What's important, though, is that even in those situations where expert knowledge seems necessary, you're better off relying on the judgment of a group of experts rather than a single expert, no matter how brilliant. The truth is that I don't really think of The Wisdom of Crowds as a defense of laypeople against experts. (As I say in the book, I always assume that in most cases, "crowds" will include experts as well as amateurs.) I think of it as a defense of collective decision-making against our excessive faith in the single, individual decision-maker. Your book, for instance, opens with the story of a Greek kouros that the Getty Museum thought was real, but that in truth was a clever fake. If I were trying to decide whether or not the statue was real, I would put far more trust in the collective judgment of the many experts who came to see the statue rather than in the judgment of any one of them, even someone like Thomas Hoving, the former director of the Metropolitan Museumof Art, who's one of the heroes of your book.
I think there are two big problems with relying on a single individual—and those problems exist whether that individual uses rapid cognition or a more deliberate style. The first is that true experts—that is, the real titans—are surprisingly hard to identify. Past performance obviously provides some clue, but you need a very long track record to be sure that someone's performance is really the result of genuine superiority rather than chance. As Nassim Taleb puts it, it's easy to be fooled by randomness. Paul van Riper certainly sounds brilliant, but the Millennium Challenge is a sample of one.
The second, and more important, problem is that even brilliant experts have biases and blind spots, and so they make mistakes. And what's troubling is that, in general, they don't know when they're doing it. You suggest in Blink that experts have a better sense than laypeople of the unconscious processes that underlie their instantaneous reactions, and that sounds right to me. But study after study has shown that expert judgments are very poorly calibrated—which means that there's little correlation between an expert's confidence in his judgment and the accuracy of it. (The two great exceptions are weathermen and bridge players.) In other words, experts don't know when they don't know something.
To me, that's one of the (and maybe the) great virtues of collective decision-making: It doesn't matter when an individual makes a mistake. As long as the group is diverse and independent enough, the errors get corrected and you're left with the knowledge. And here, oddly enough, Blink and The Wisdom of Crowds intersect quite nicely. A lot of your book, as I said, is about how biases and prejudices and inexperience can lead us astray when we rely on rapid cognition. My book suggests that in lots of cases, if you aggregate those flawed judgments, you can get rid of the flaws and keep the benefits of rapid cognition.
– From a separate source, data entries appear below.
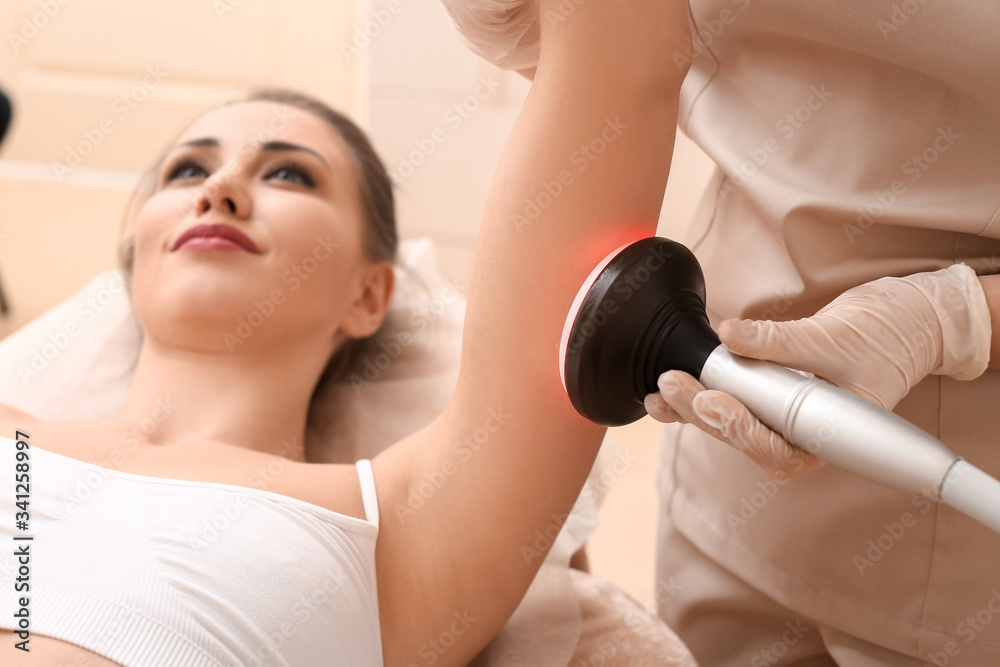 Beautiful woman undergoing procedure of anti-cellulite massage in beauty salon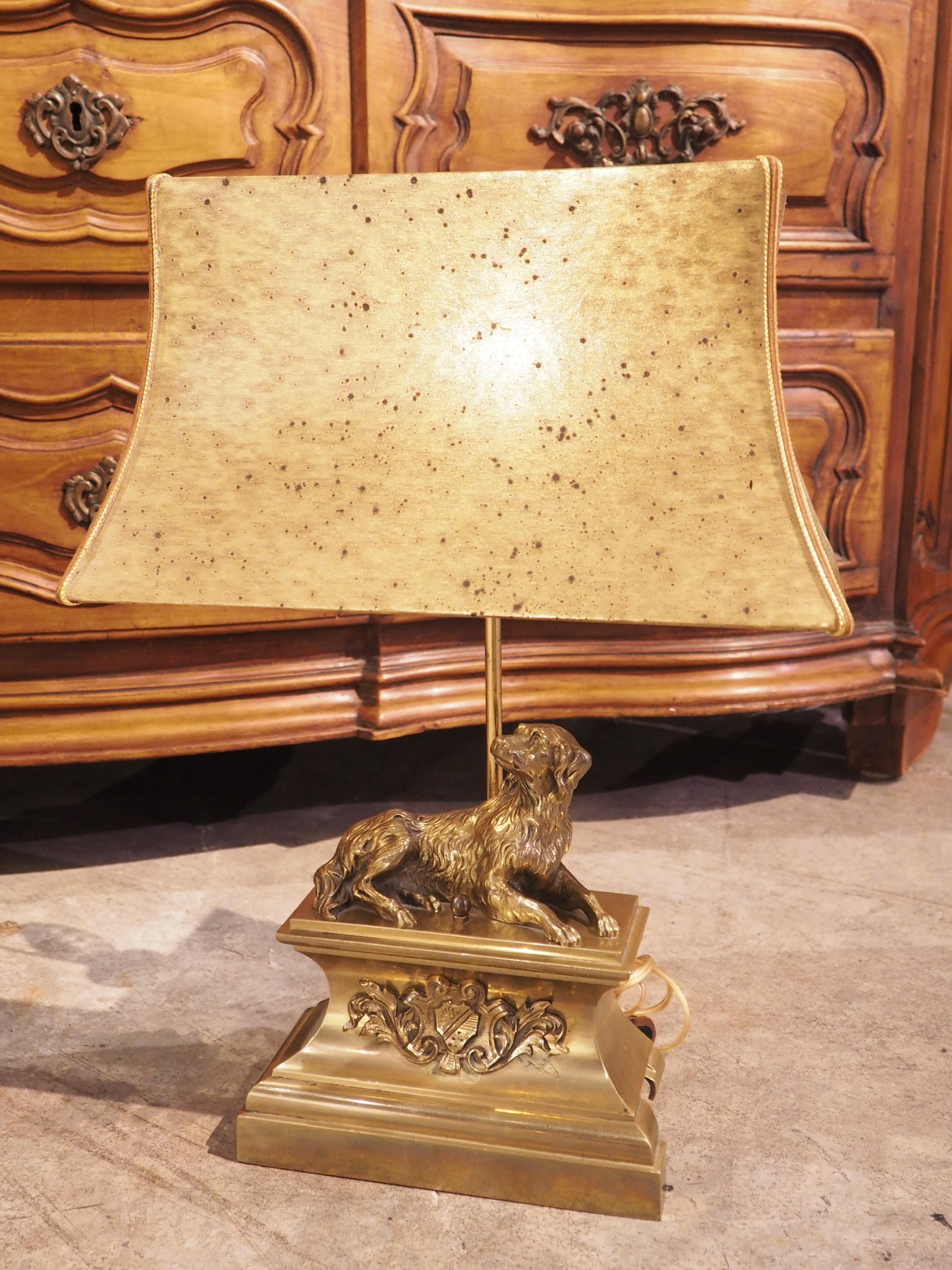 Originally part of a 19th century bar de cheminee, these gilt bronze dogs have been repurposed into a pair of table lamps. Sometimes referred to as a “hearth fender”, a bar de cheminee was a decorative element placed in front of a fireplace that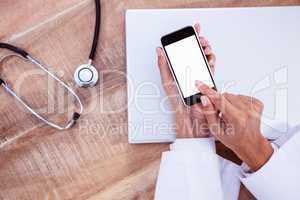 Doctor using smartphone on wooden desk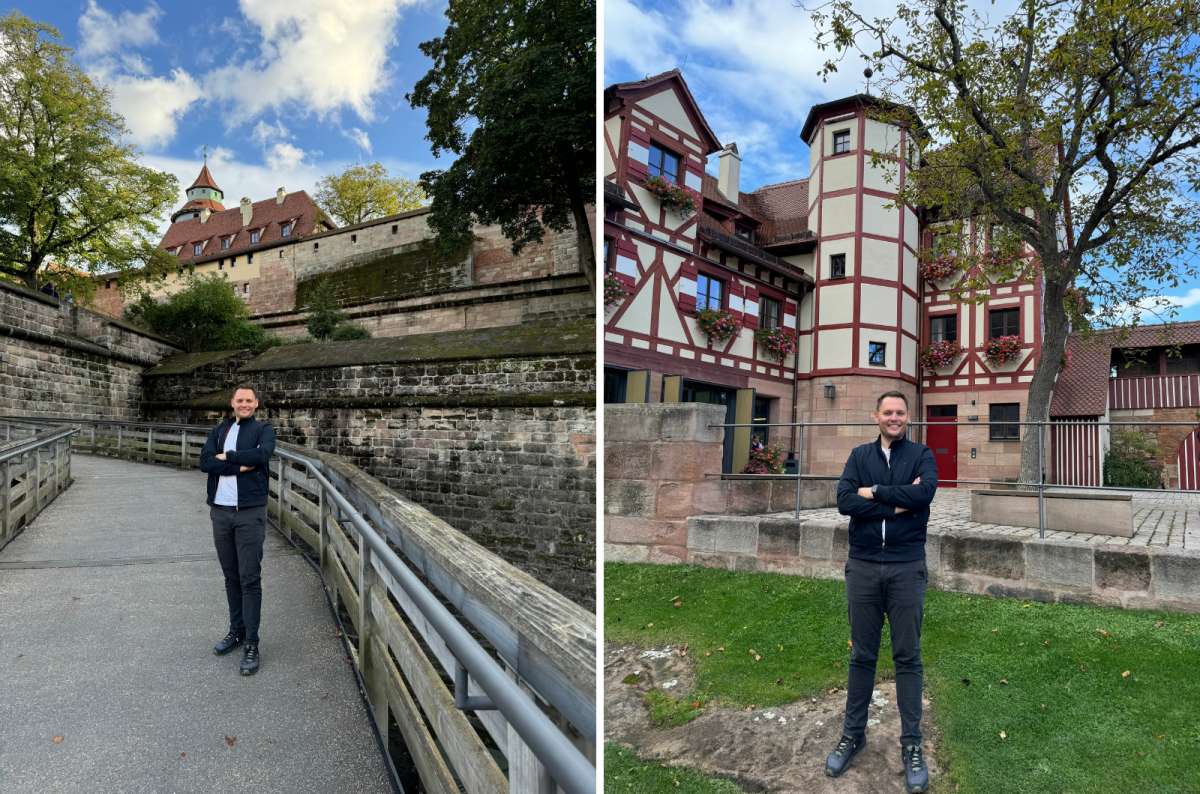 a tourist posing in front of one of the stops of a one day Nuremberg itinerary, the Nuremberg 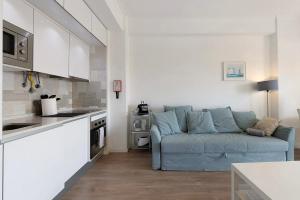 sala de estar con sofá azul en la cocina en Sea View Estoril, en Estoril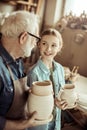 Granddaughter and grandfather holding and examining clay goods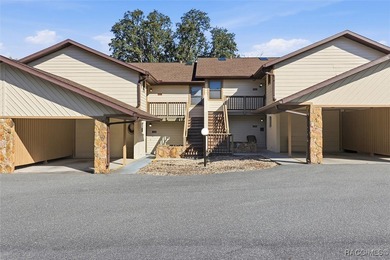 This Greenbriar upstairs unit offers a serene living experience on Citrus Hills Golf Club in Florida - for sale on GolfHomes.com, golf home, golf lot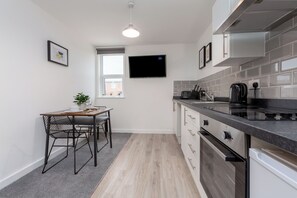 A modern kitchen with a dining area, a flat-screen TV, and a window.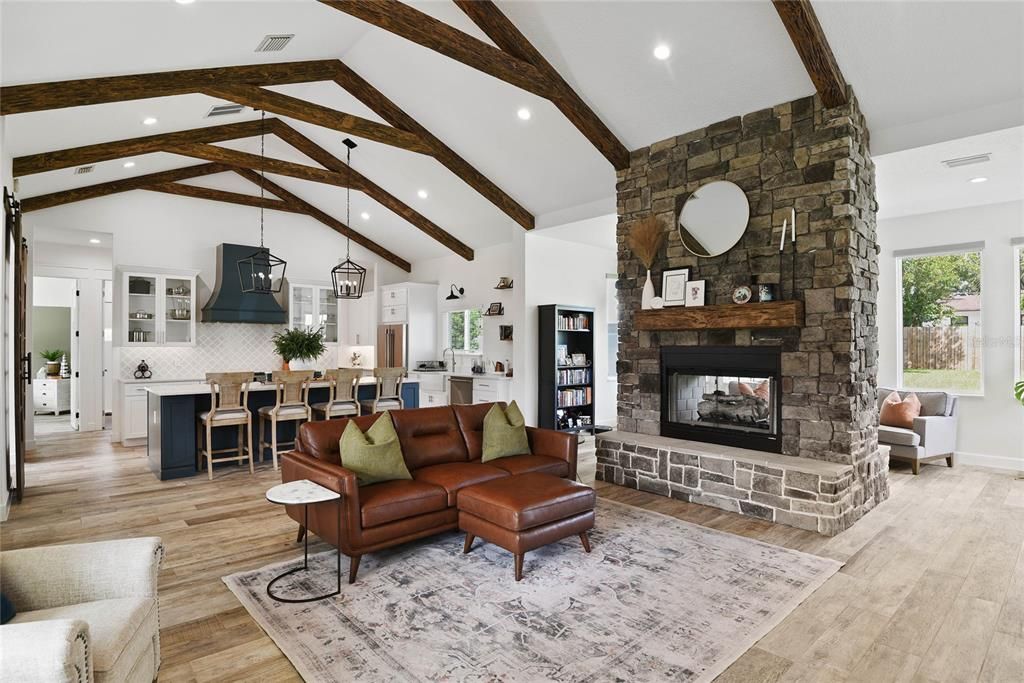 Dining room, Fireplace, Interior, Kitchen, Living room, Pendant Lights, Recessed Lighting, Stone Walls, Wooden Beams, Wood Texture Flooring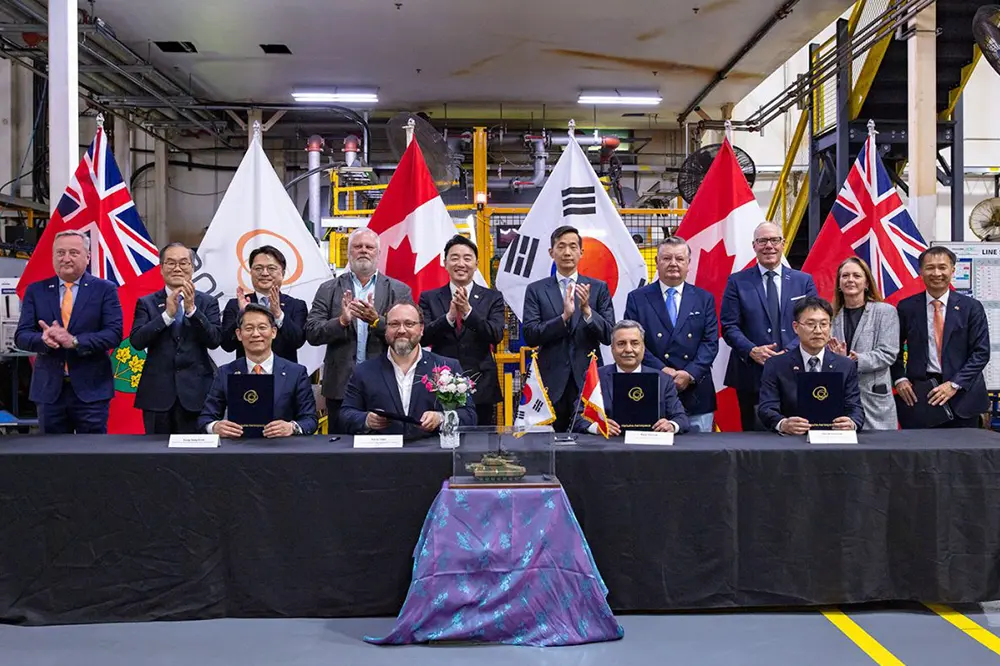 Republic of Korea officials and Canadian industry leaders display a signed Canada-Korea partnership agreement.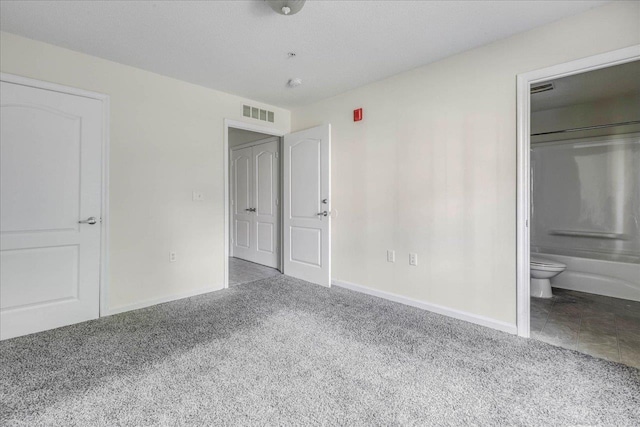 3000 S Adams St Unit 113, Tallahassee, FL 32301 - unfurnished bedroom with carpet flooring, baseboards, and ensuite bath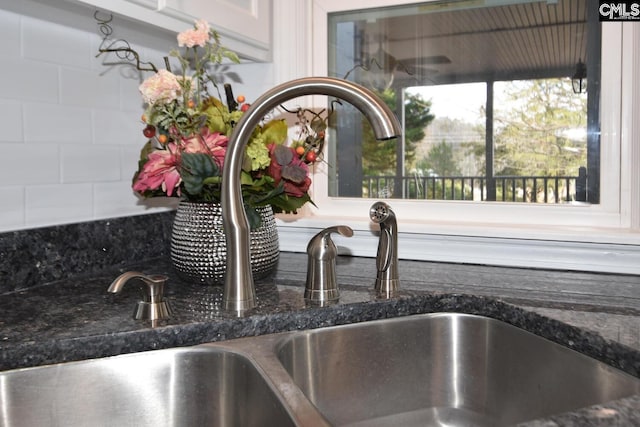 interior details with sink, decorative backsplash, and dark stone countertops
That leads into an issue that Blink wrestles with but that I'd like to hear a little more about: All through Blink, there are examples of very smart people relying on their instincts and making very bad judgments. Can we know in advance when that's going to happen—when an expert's intuitions are to be trusted and when they're likely to be faulty? And is rapid cognition as a decision-making mechanism more susceptible to problems of bias, prejudice, etc.? I think one of the reasons why we instinctively (as it were) put more trust in deliberative cognition is that we assume the more time you spend on something, the more likely you are to recognize your mistakes and correct them. ("Always check your work," we were counseled in math class.) Is this a founding myth of the Standard Model?
James Surowiecki, a former Slate columnist, writes the "Financial Page" column for The New Yorker. Malcolm Gladwell is a writer for The New Yorker.